One of Greater Cleveland's key aging-services nonprofits is trading its downtown digs for a sprawling suburban campus, picking up the former Moen headquarters in North Olmsted for $6.6 million in a move that will give staff, clients and visitors a lot more breathing room and a sea of surface parking.
Deal And Buyer
The Western Reserve Area Agency on Aging has closed on the roughly 135,000-square-foot property at 25300 Al Moen Drive for about $6.6 million, according to Crain's Cleveland Business. Crain's identified the buyer as the aging-services nonprofit and reported that the agency plans to relocate its administrative headquarters from downtown Cleveland to the North Olmsted site.
What The Building Offers
Marketed this winter by JLL, the three-story Class A building was pitched as a full-service suburban campus. The listing highlights an on-site cafeteria, fitness center, skylit atrium and roughly 450 surface parking spaces. The property also offers direct access to I-480 along with adjacent developable acreage, a combination that could give the agency flexibility for programming and potential future expansion without having to leave the site.
How The Space Opened Up
Moen announced in 2025 that it would consolidate operations and move its corporate headquarters to the Chicago area as part of a Fortune Brands restructuring, which left the long-time North Olmsted home base largely vacant. "I am devastated to hear the news of Moen’s decision to leave Northeast Ohio," North Olmsted Mayor Nicole Dailey Jones told WOIO/Cleveland 19 at the time.
Why It Matters For WRAAA
The Western Reserve Area Agency on Aging currently lists its main office at 1700 East 13th Street in downtown Cleveland and serves older adults and people with disabilities across Cuyahoga, Geauga, Lake, Lorain and Medina counties, according to the Western Reserve Area Agency on Aging.
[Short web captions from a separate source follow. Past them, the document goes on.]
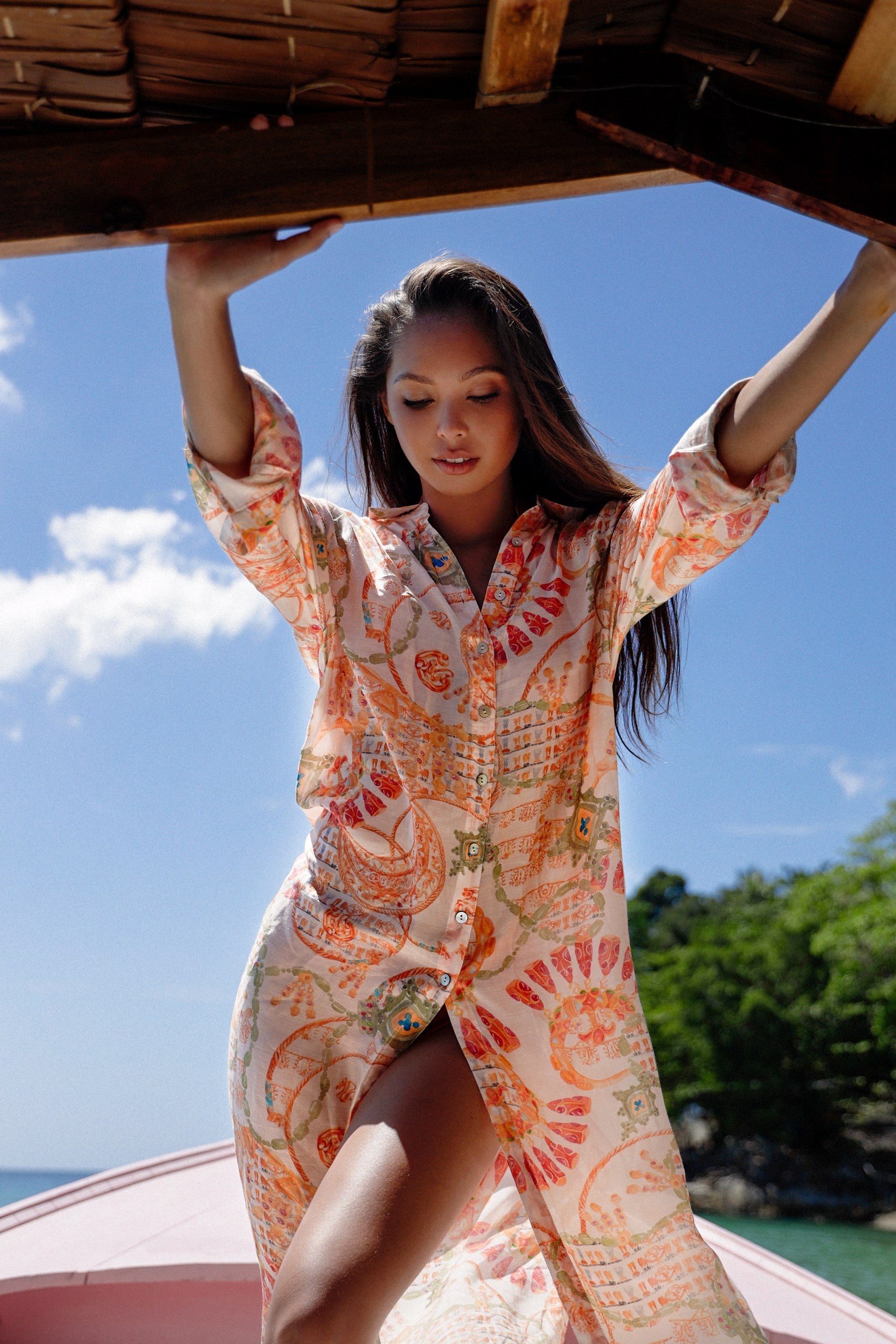 Jewelry Shirt Dress - Resort Collection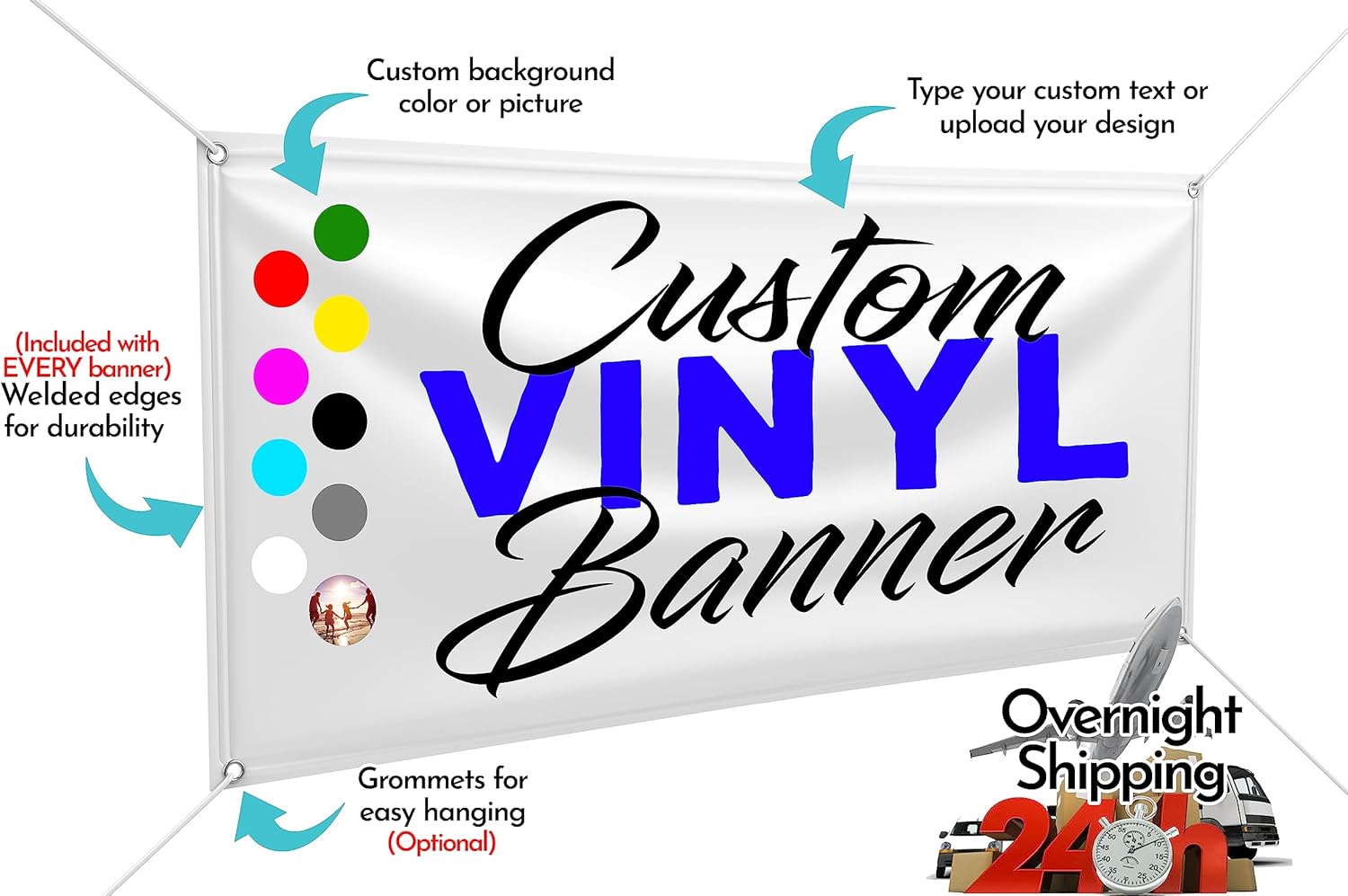 Diseño personalizado  Cartel de vinilo de cualquier tamaño  a todo color  Hecho en Estados Unidos  Negocios, tienda, fiesta de cumpleaños,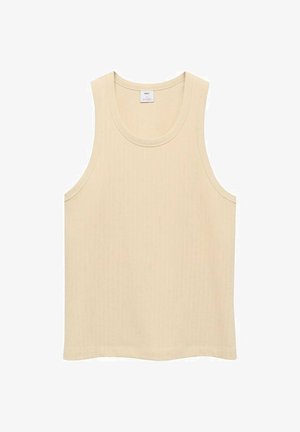 Beige ribbed tanktop med rund hals og brede armhuller, med en glat overflade og subtile mønstre. Etiket placeret ved halsudskæringen.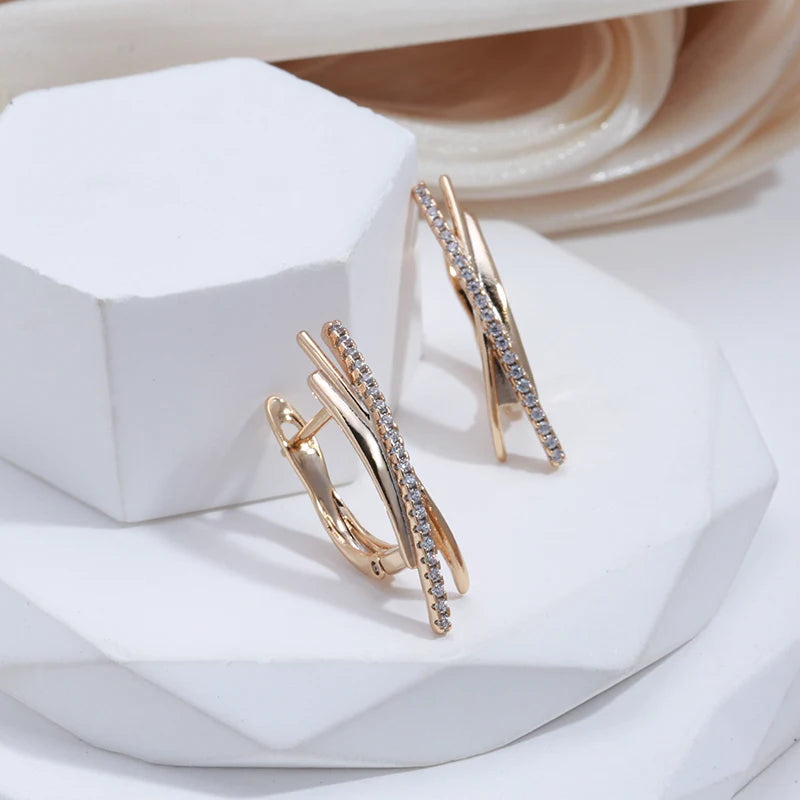 Wbmqda 585 Rose Gold Color Modren Fashion Geometric Drop Earrings For Women Simple Zircon Accessories Daily Matching OL Jewelry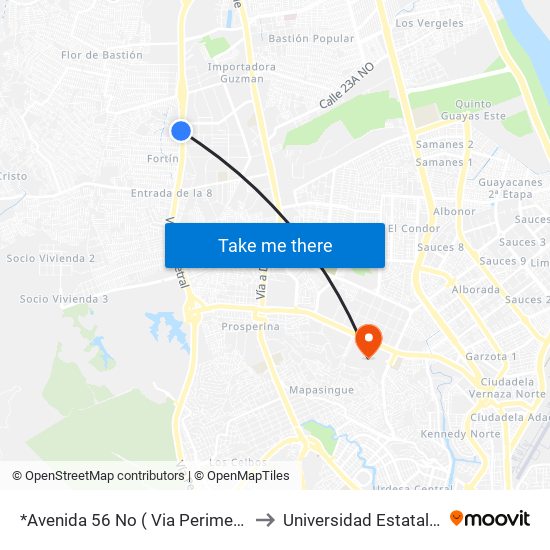 *Avenida 56 No ( Via Perimetral) - Mall El Fortín to Universidad Estatal De Guayaquil map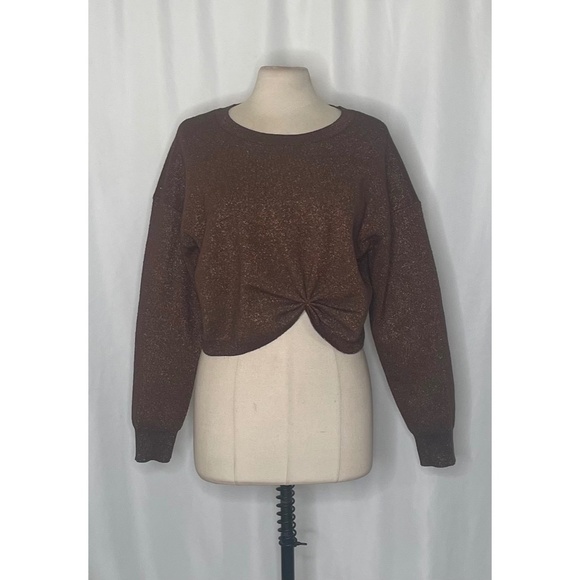ANTHROPOLOGIE Gemini Metallic Shimmer Sweater Cropped Twist Front Knitwear Large - Picture 3 of 12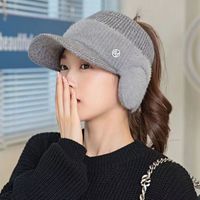Women's Casual Solid Color Curved Eaves Wool Cap sku image 3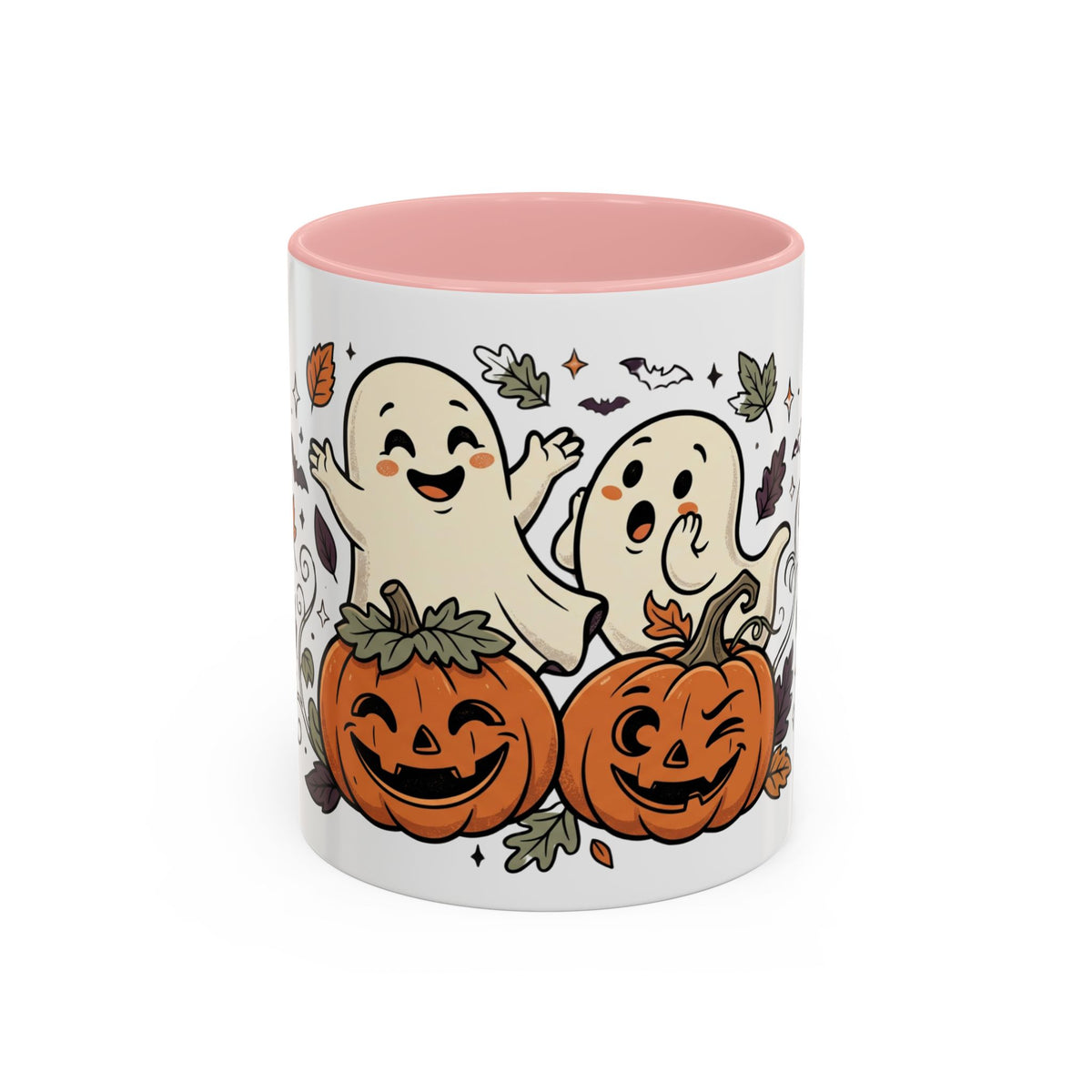 Halloween Ghosts & Pumpkins Coffee Mug — Cute Spooky Accent Mug (11/15oz)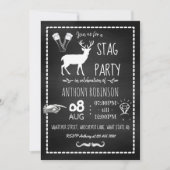 Invitation de fête de célibataire sur tableau noir (Devant)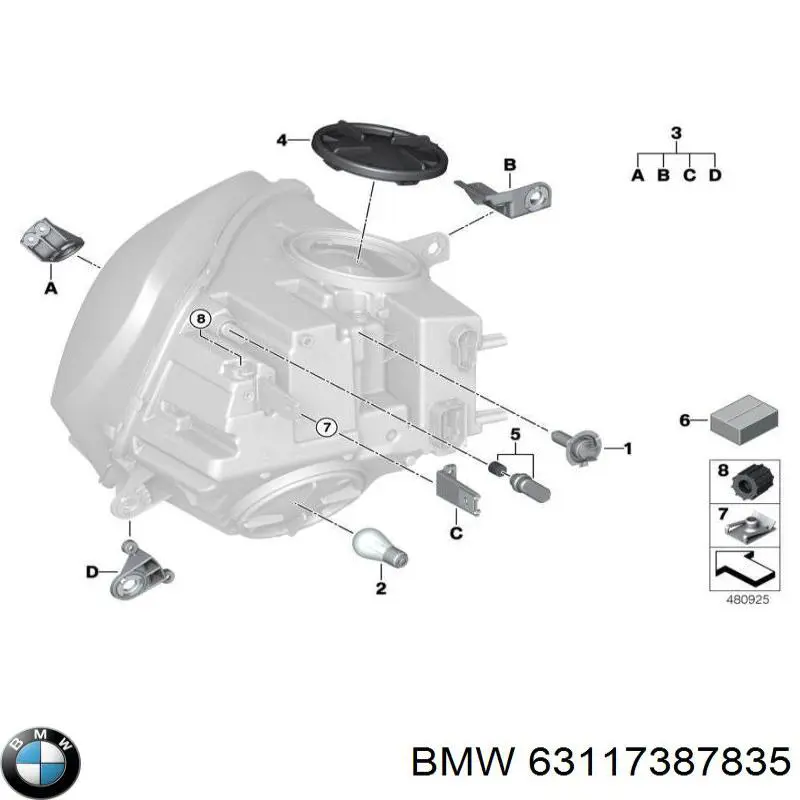 Consola (adaptador) de fixação das luzes dianteiras BMW 63117387835 preço, a partir de 12,17 USD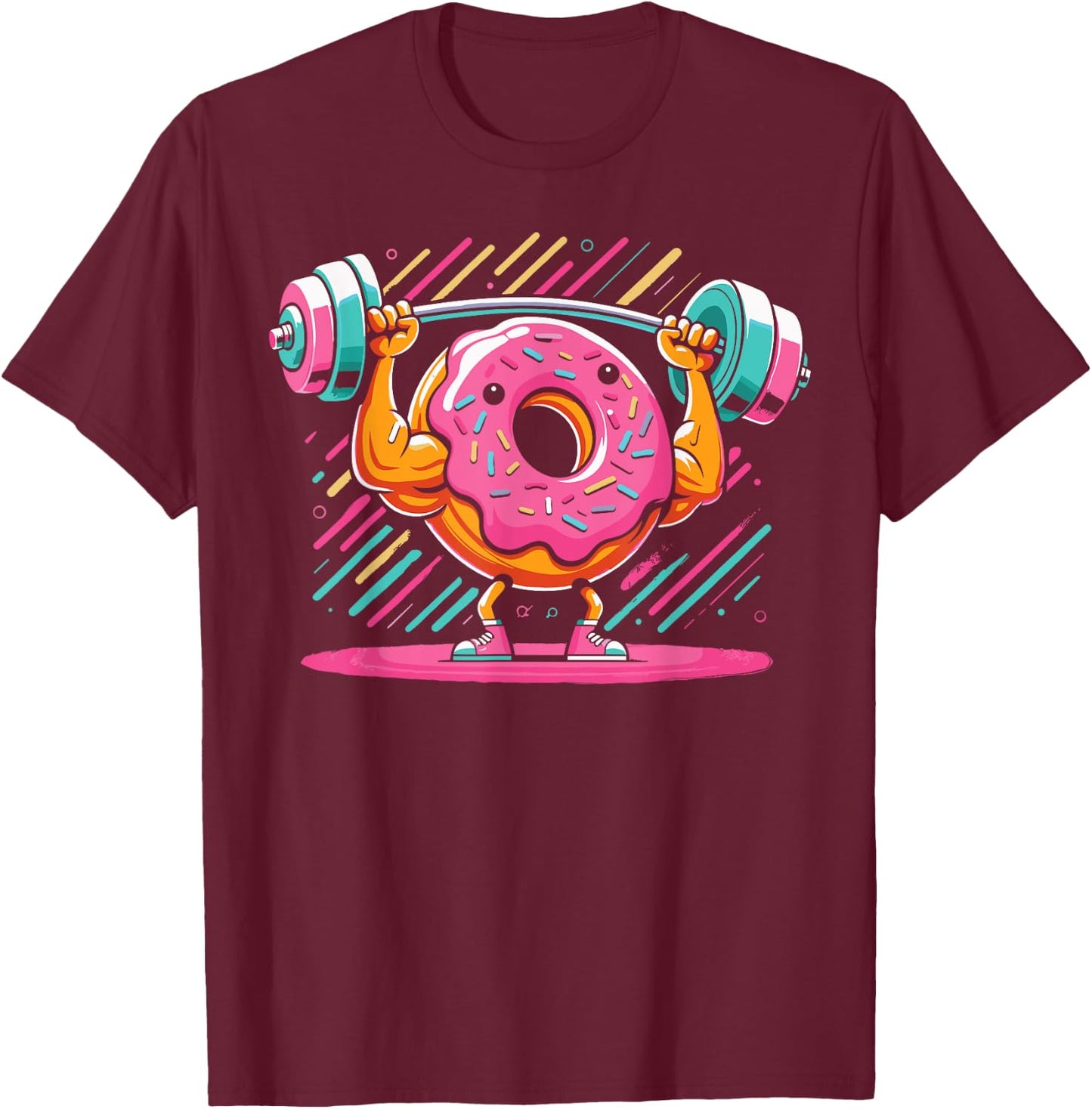 Funny Doughnut Weightlifting | Cartoon Donut Gym Workout T-Shirt - T-Shirt | Maroon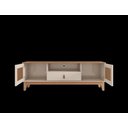 Ver imagem 2 de Rack Jade 1,60m C/ 2 Portas Gaveteiro e Nicho Central Off White/noce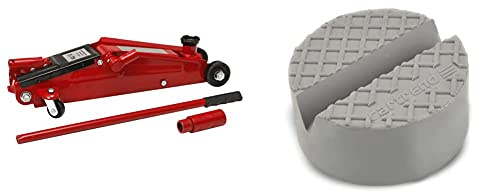 cartrend 10024 hydraulischer Wagenheber, Rangierwagenheber für SUVs und Geländewagen mit Quicklift-Funktion, 2,5 Tonnen & 10429 Universelle Gummiauflage Wagenheber und Hebebühnen, verstärkt für SUV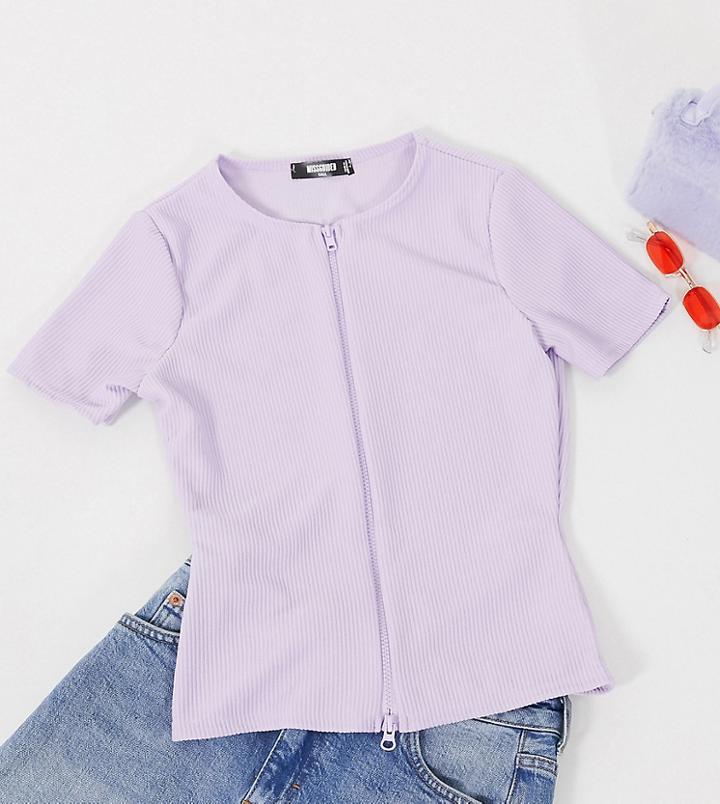 Missguided Tall Crop Top With Double Zip In Lilac-purple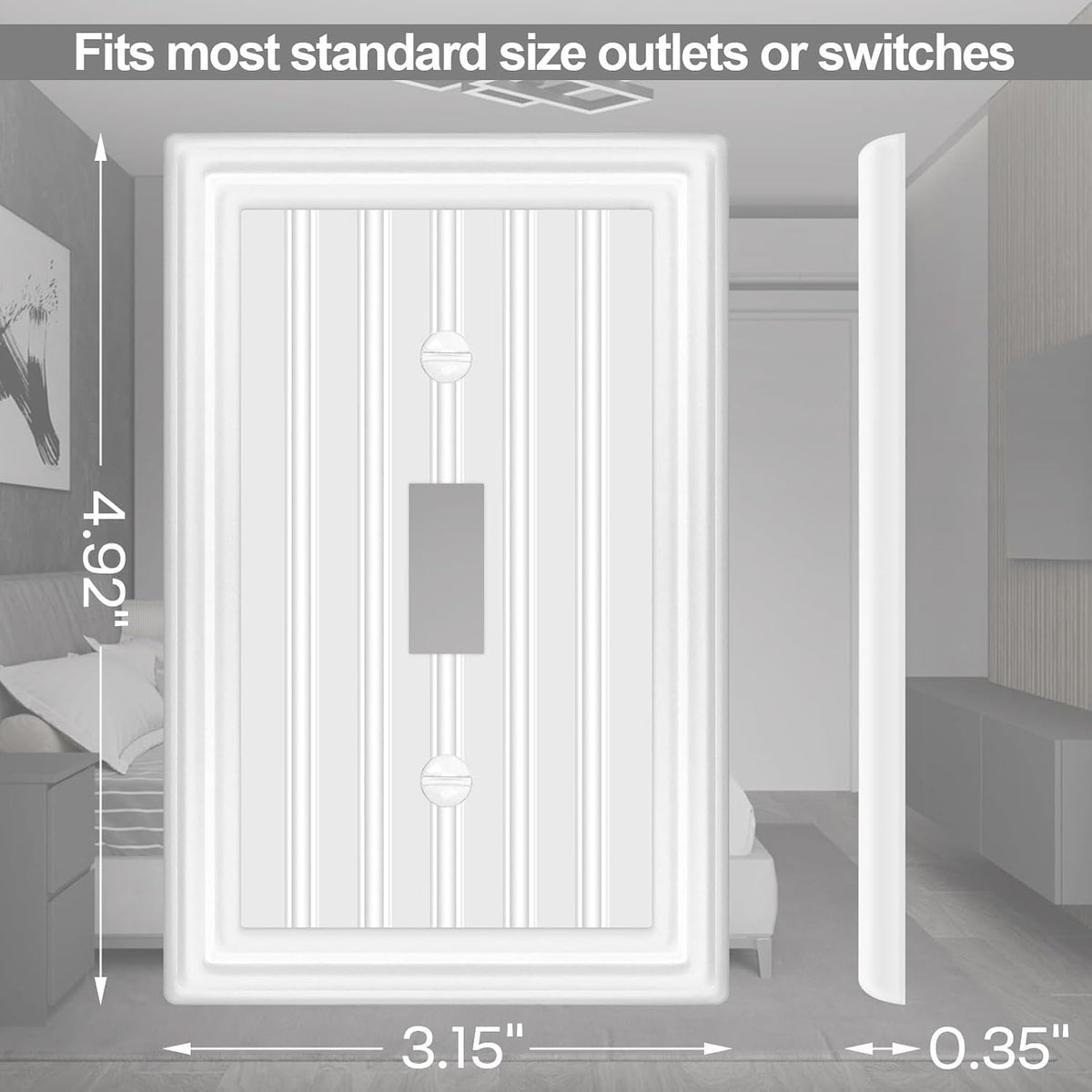 Metal 1 Gang Wall Plate Cover Toggle Switch Plate Off White 6 Pack | Decorative Switch Plates Outlet Cover, Light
Moving into the North Olmsted campus is expected to give the nonprofit significantly more parking and large blocks of contiguous office space for care coordination, benefit enrollment and other client-facing programs that depend on easy access and room to grow.
Next Steps
Specifics on renovation plans, a timeline for moving staff and which services will ultimately operate out of North Olmsted were not included in the initial coverage, although Crain's Cleveland Business reported that WRAAA intends to make the property its new home. City leaders and agency officials have already expressed interest in seeing the former Moen site put back to productive use, and more detailed plans are expected to surface in the coming weeks as the nonprofit maps out its move.